My roommate left a towel in the fucking downstairs sink and water was everywhere. I didn’t see it, being so ‘happy and positive’. I slipped, rammed my head on the floor and screwed my back up. Not to mention being mocked by two people on the way around town today.
What a load of shit. I would have had better luck if I had just stayed in bed like I should of.
5 comments
If you were thinking positive you would have laughed about it. Keep trying.
yeah i would have had a laugh at suffering from even more back pain than I am used to.
Its hard to laugh when you can barely get up and walk for the rest of the day.
I can’t afford a chiropractor, nor would I be laughing if I actually could.

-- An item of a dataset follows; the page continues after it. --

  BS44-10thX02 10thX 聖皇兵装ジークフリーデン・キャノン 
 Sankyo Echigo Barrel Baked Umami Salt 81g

I get exactly what you mean!! No joke i try to be happy and positive i dont like being sad but for some reason i cant help it. Things keep going wrong and i think about things to much. But i learned from my experience and i like to help other people and let them know they arent alone.
I’m not even particularly sad.
I just don’t like life. I don’t like living.
I find the whole thing frustrating and mundane.
If I were smart, had a good job, education, friends who auctually had the time to hang out, decent looks and the ability to not fail at everything I do and be clumsy all the time, maybe it would be different.